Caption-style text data

Content starts

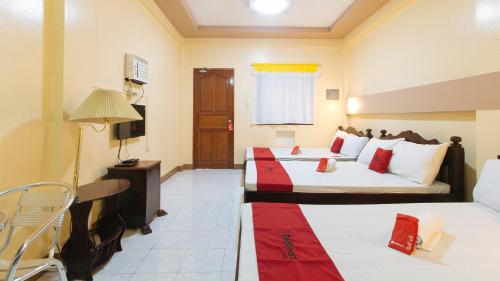 a hotel room with two beds and a television at RedDoorz Plus near Municipality of Luisiana Laguna in Laguna
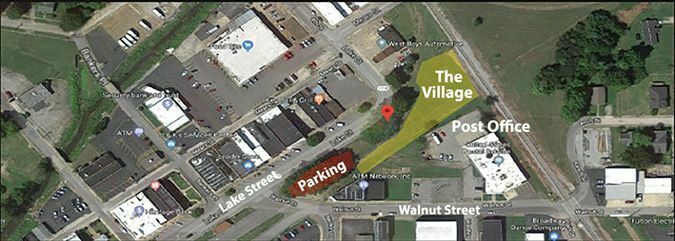 ‘TINY VILLAGE’ COULD BE BIG TOURISM DRAW – This aerial view of the downtown area of Fulton, including Lake Street, Walnut Street and the Fulton Post Office, also shows a proposed site for a miniature shopping “Village” with shops housed in prefabricated shed-like structures. Fulton City Manager Mike Gunn presented the idea to Fulton’s Tourism Commission last week.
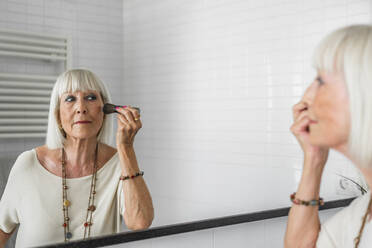 Ältere Frau trägt Make-up auf, während sie zu Hause in den Spiegel schaut - DLTSF01042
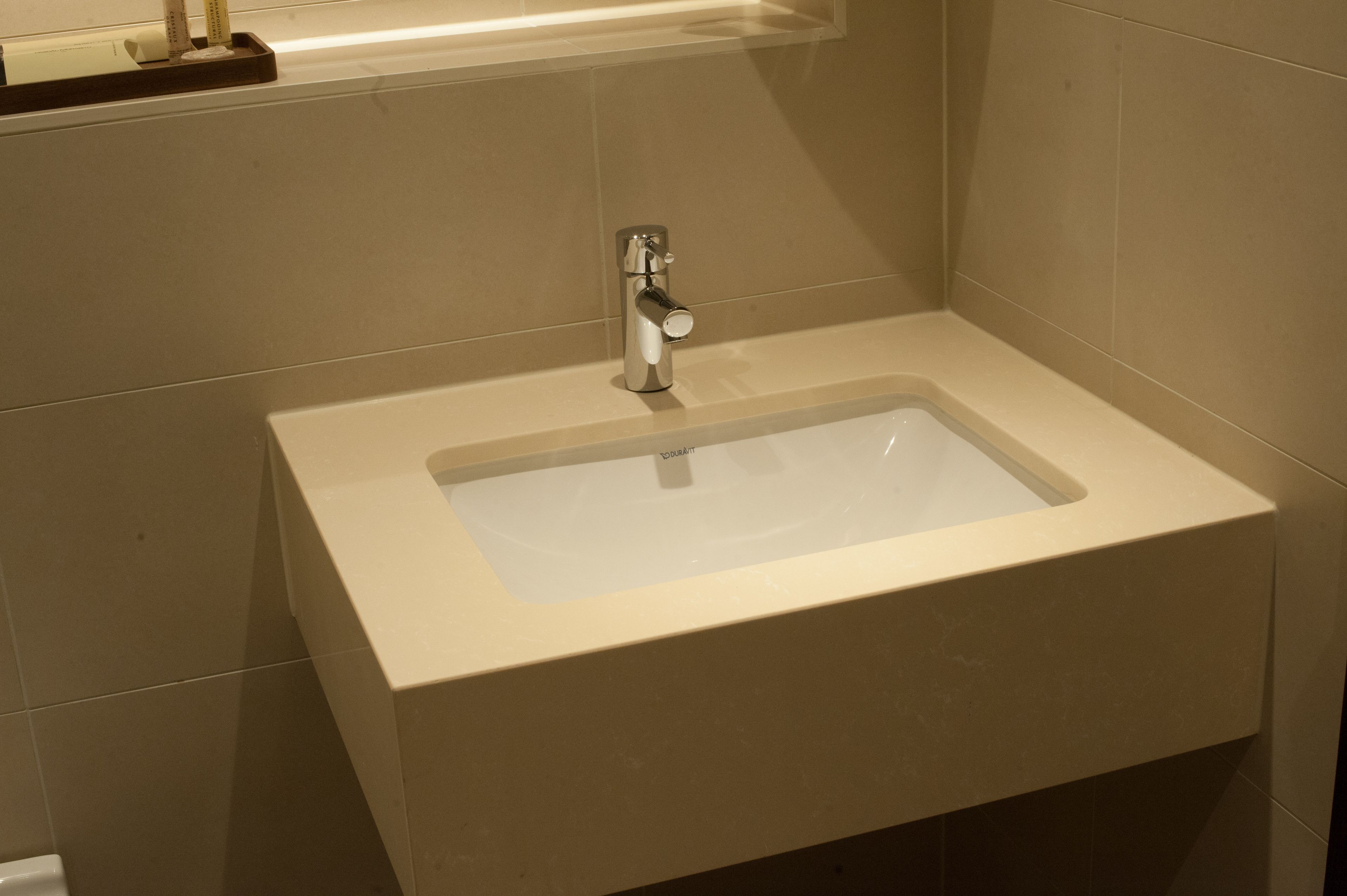 Un baño con un lavamanos rectangular, un grifo y un espejo encima.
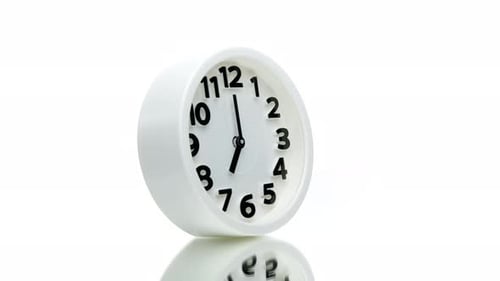 White Alarm Clock Showing Seven O'clock Spinning Rotating 360 Isolated on White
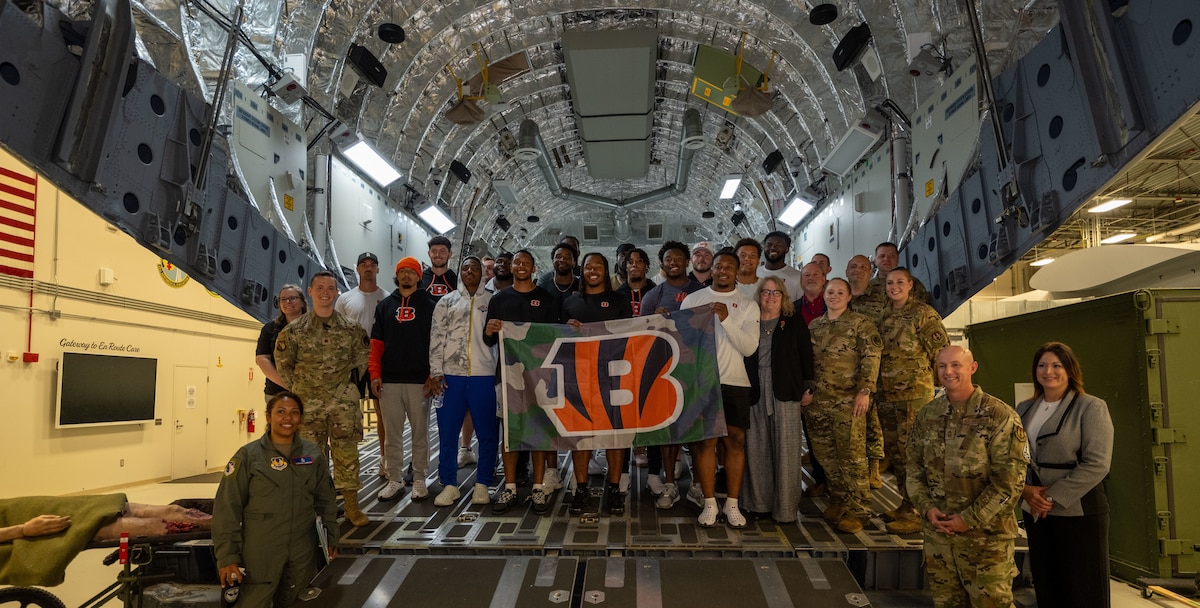 Cincinnati Bengals rookies and military members from Wright-Patterson Air Force Base pose for a group photo inside the C-130 training simulator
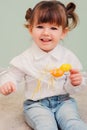 Indoor portrait of cute happy baby girl playing with easter decorations Royalty Free Stock Photo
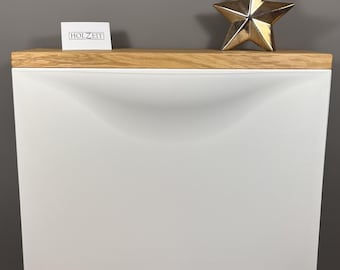 Könnte beinhalten: Ein weißer, an der Wand befestigter Schrank mit einer Holzplatte. Auf der rechten Seite des Schranks befindet sich eine goldfarbene sternförmige Dekoration. Auf der linken Seite des Schranks befindet sich eine kleine weiße Karte mit dem Text "HOLZEIT".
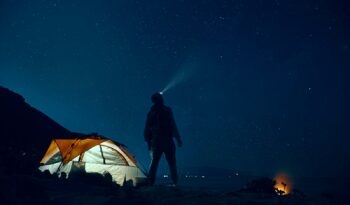 man standing beside camping tent wearing headlamp during nighttime
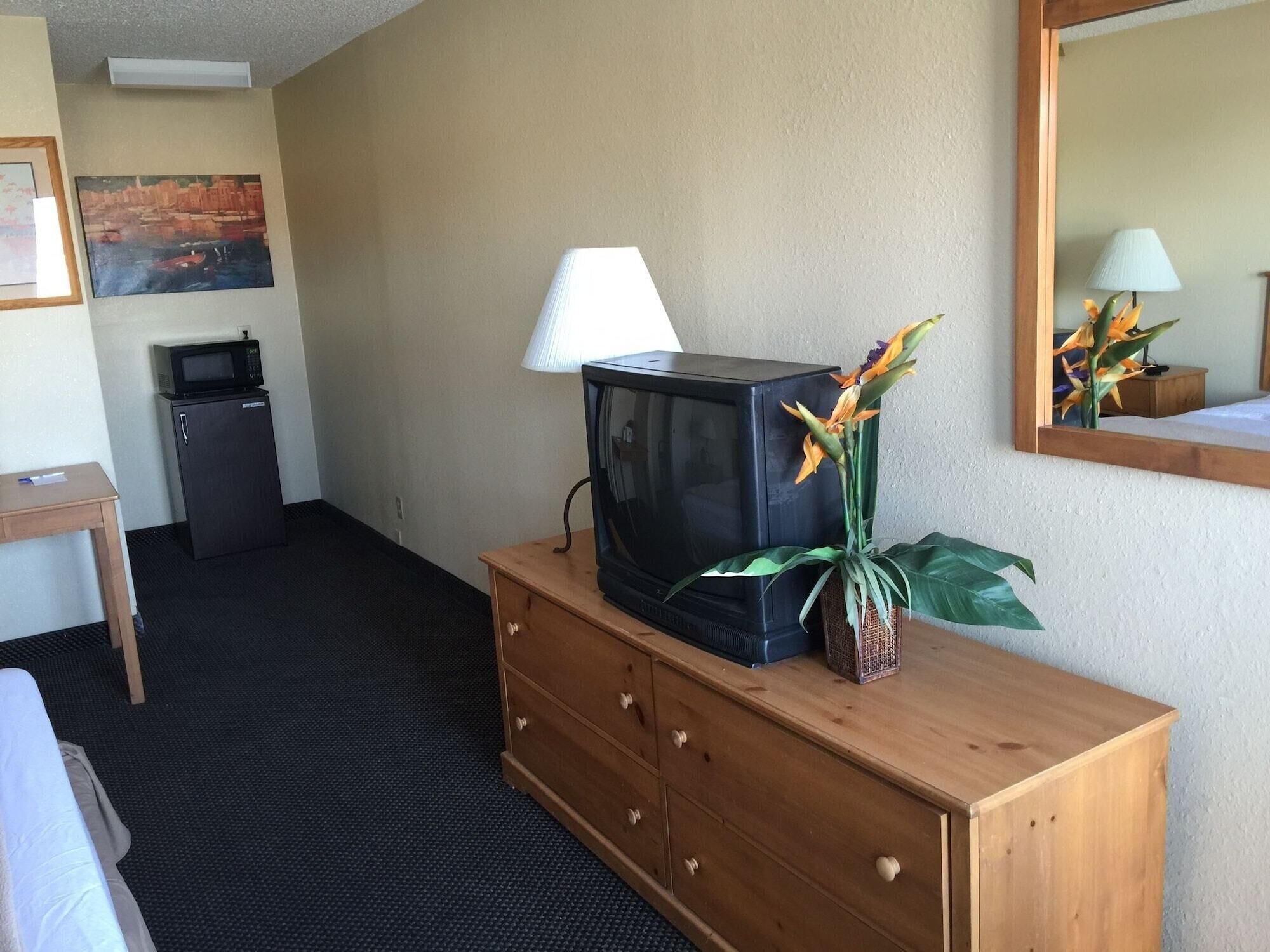 A hotel room with a wooden dresser, a television, a lamp, a small refrigerator, and a painting on the wall.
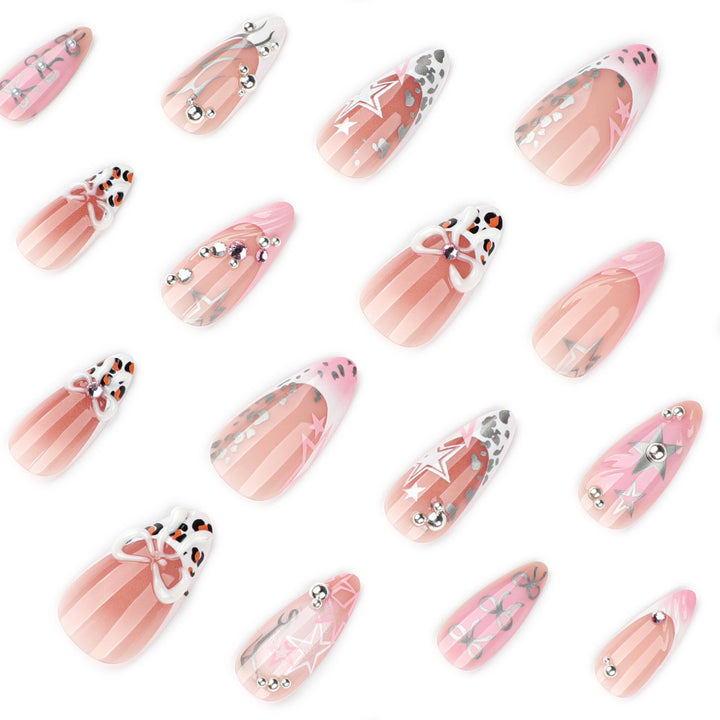 Artful stiletto nails with glitter and bow decorations Kalsten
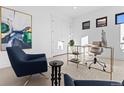 Modern home office with two armchairs and a gold desk at 5049 W 32Nd Ave, Denver, CO 80212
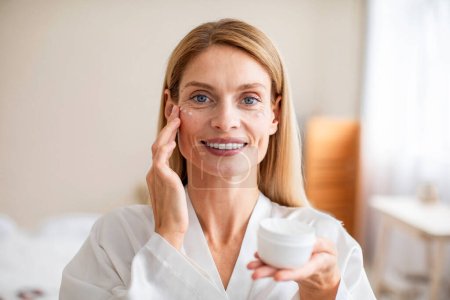 Photo for Beautiful middle aged woman in silky bathrobe using nourishing eye cream, looking at camera and smiling, enjoying face care routine. Dark circles, eye wrinkles treatment - Royalty Free Image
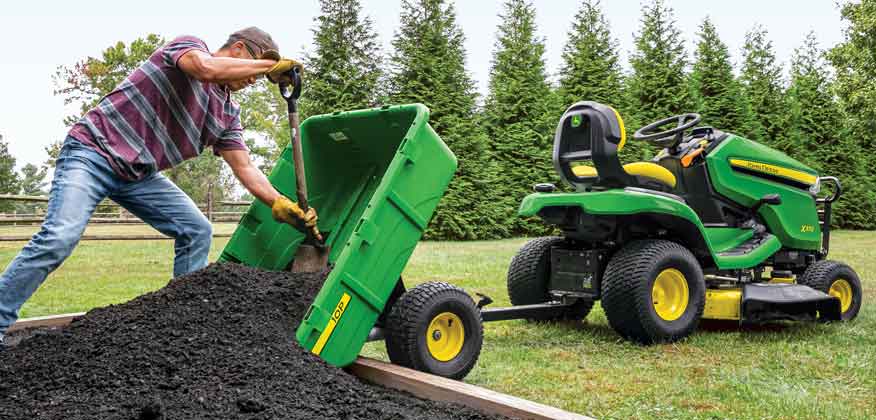 Man scooping soil out of a 10P poly cart that is attached to a John Deere Lawn Tractor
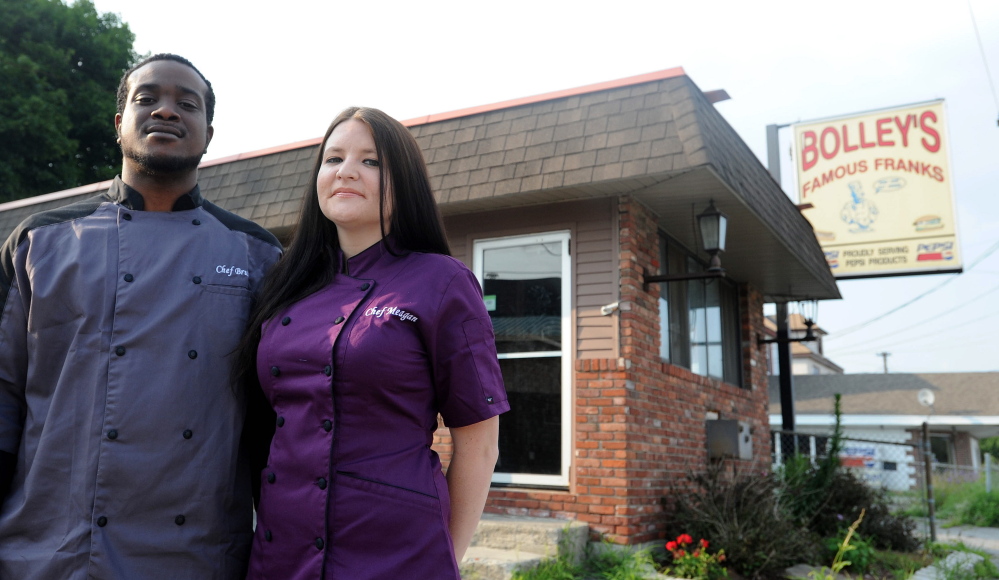 Bruce Hunter and Meagan McAvoy Hunter, stand outside Bolley’s Famous Franks and Gourmet Burgers on College Avenue in Waterville on Friday.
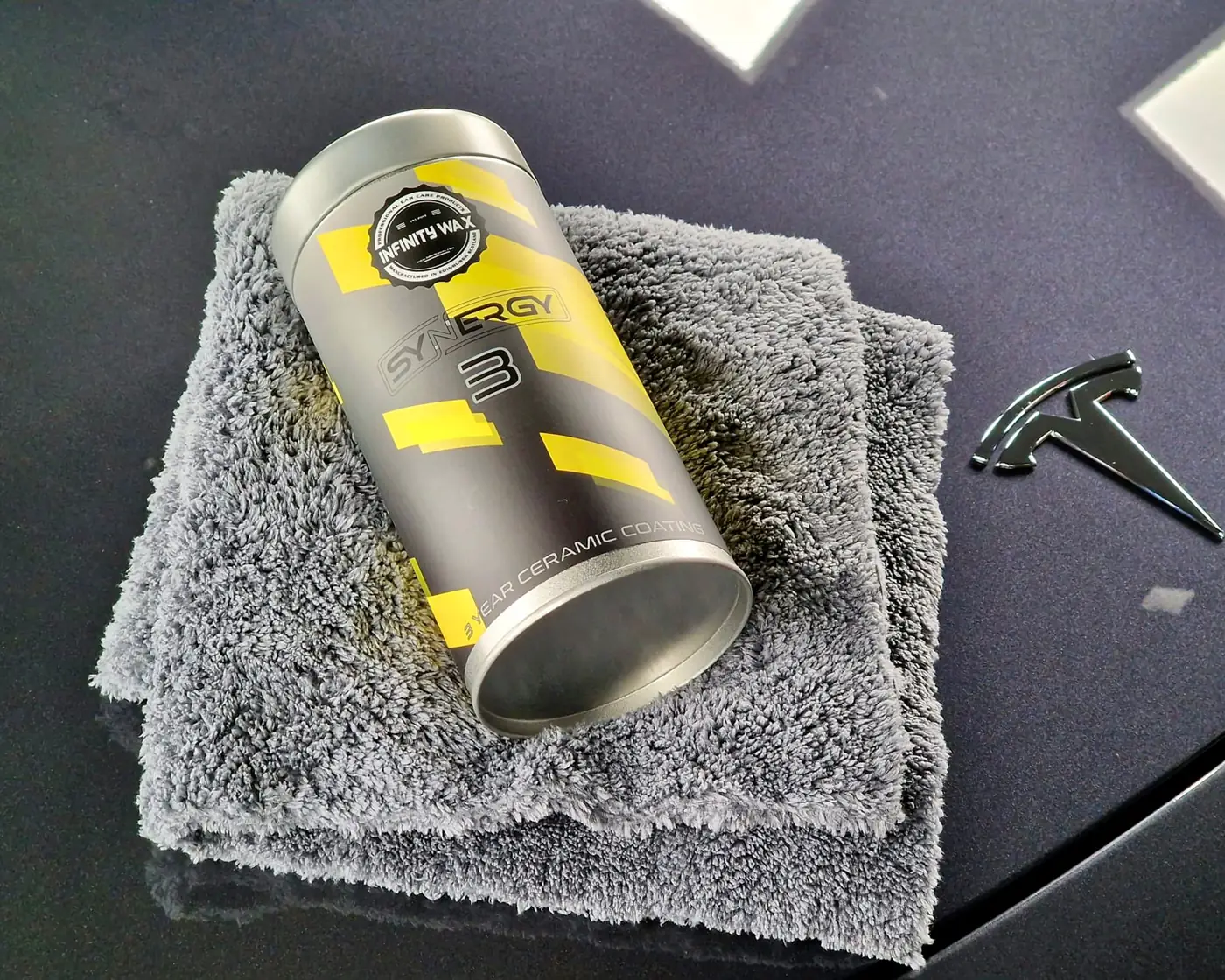 Infinity Wax Synergy ceramic coating bottle on a microfibre towel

Content ends

### PROBLEM DETAILS
Copy nothing but the lines above that run from the one with "Cincinnati Bengals rookies" to the one with "Bruce Hunter and", ends included; pictures stay out.

### EXPECTED ANSWER
 Cincinnati Bengals rookies and military members from Wright-Patterson Air Force Base pose for a group photo inside the C-130 training simulator
 Indoor portrait of cute happy baby girl playing with easter decorations Royalty Free Stock Photo
 Könnte beinhalten: Ein weißer, an der Wand befestigter Schrank mit einer Holzplatte. Auf der rechten Seite des Schranks befindet sich eine goldfarbene sternförmige Dekoration. Auf der linken Seite des Schranks befindet sich eine kleine weiße Karte mit dem Text "HOLZEIT".
 man standing beside camping tent wearing headlamp during nighttime
 A hotel room with a wooden dresser, a television, a lamp, a small refrigerator, and a painting on the wall.
 Artful stiletto nails with glitter and bow decorations Kalsten
 Modern home office with two armchairs and a gold desk at 5049 W 32Nd Ave, Denver, CO 80212
 Photo for Beautiful middle aged woman in silky bathrobe using nourishing eye cream, looking at camera and smiling, enjoying face care routine. Dark circles, eye wrinkles treatment - Royalty Free Image
 Man scooping soil out of a 10P poly cart that is attached to a John Deere Lawn Tractor
 Bruce Hunter and Meagan McAvoy Hunter, stand outside Bolley’s Famous Franks and Gourmet Burgers on College Avenue in Waterville on Friday.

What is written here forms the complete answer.